26/04/2011

ROSÁRIO DE ISABEL E DINIS seguido de OUTRAS FLORAÇÕES POR ESCRITO - 19



19. O CORVO PELA POMBA

Leiria, domingo, 17 de Abril de 2011



Pela manhãzinha, a brisa fresca beneficiava a luz nova. À flor do Lis, patitos eram como brinquedos felizes. Dois pescadores à linha sacavam peixe que o Sol tornava numismático-cintilantes. Derivei depois pelo sossego dominical das ruas até chegar a este café, cuja dona acaralha interjeições de rico teor obsceno. Não tem papas no linguajar, a magana. Os foda-ses e os lá-co-caralho fazem-me feliz, confesso. Espero o retorno de Isabel pela hora de almoço. É segura, a luz da hora: 11h14m.

*

Das senhoras mãos tuas recolho
a esmola do afecto, a branda carícia.
O coração me sequestraste, mas a polícia
não sabe. Roubado, com cordura te olho

retratada em a pura mansidão de cada mão.
Viceja entre nós tanta mútua humanidade,
que intemporal se nos volve a condição:
pois que nos queremos sem cadastro nem idade.

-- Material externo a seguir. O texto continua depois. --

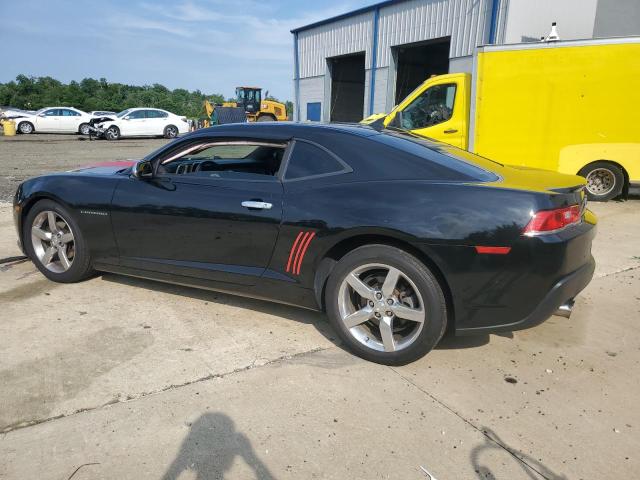  CHEVROLET CAMARO 2015 Черный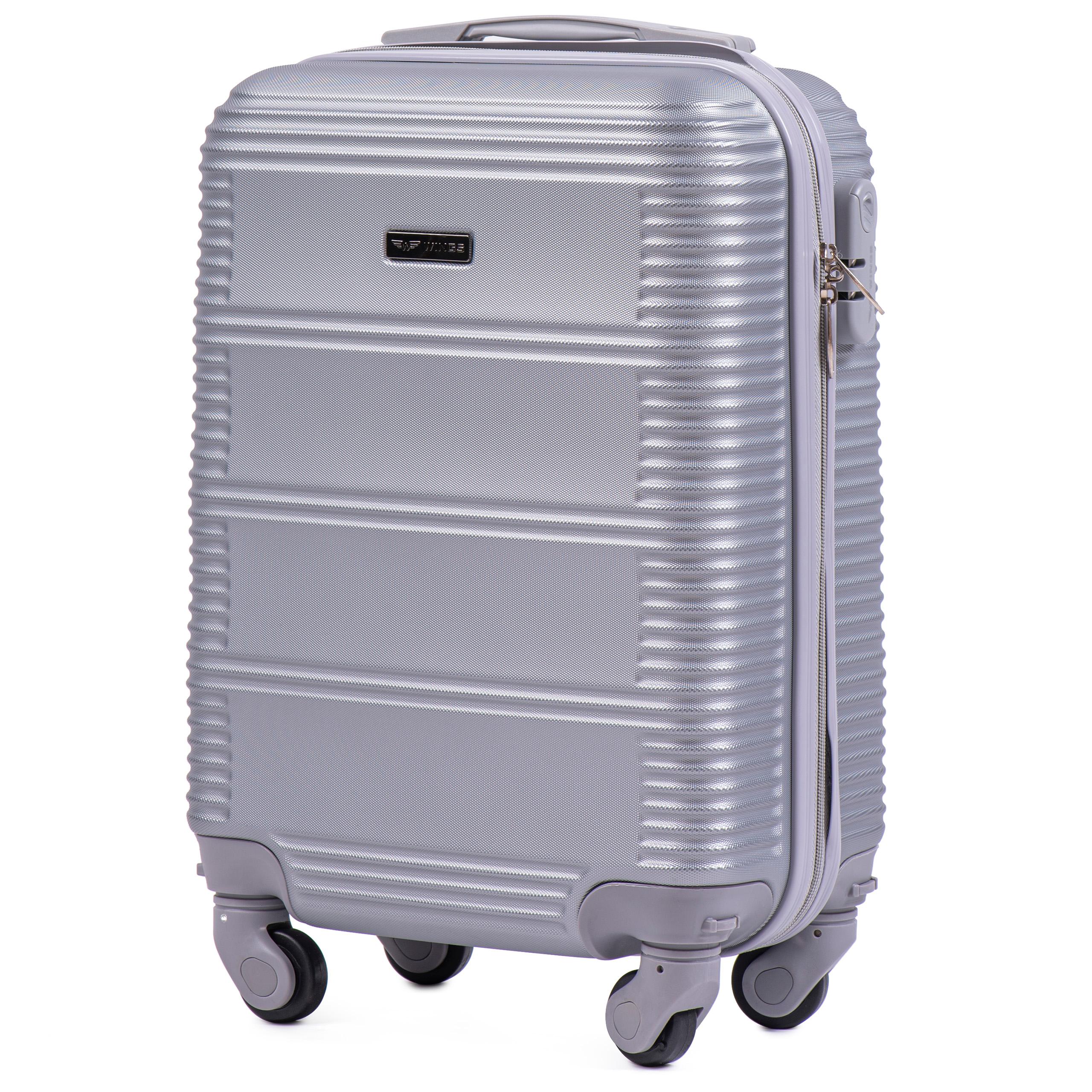 WINGS LINNET Kabinväska 52X34X20 25L CARRY-ON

Pascais, as pombas lêem o chão a pedra assoalhado.
Eu, eu ando-te por aqui e por todo o lado.
Escrevo de tua passagem os suaves sinais:
não menos que isso quero – nem mais.

*

Noite do Domingo de Ramos, Leiria, 21h14m. O Lis segregou sua noite contínua e rumorosa, não há pescadores à linha nem à vista, patos e peixes dormem seus sonos puros, pré-históricos.
Por ruas mais escuras, solitários parecem-me irremediavelmente desavindos com a vida. Maus dentes, maus cigarros, más roupas: sombras tristes que entristecem quem as sente assim verticais. Fui já um homem assim. Tenho-me evadido como posso de tão pouco gregária comunidade. Faço por fazer mais corpo e menos sombra. Não é fácil – não é fácil para ninguém que por esta ou aquela razão se desalinhasse com isto de viver. Que no meu outono pessoal, enfim, possa trocar no ombro o corvo pela pomba.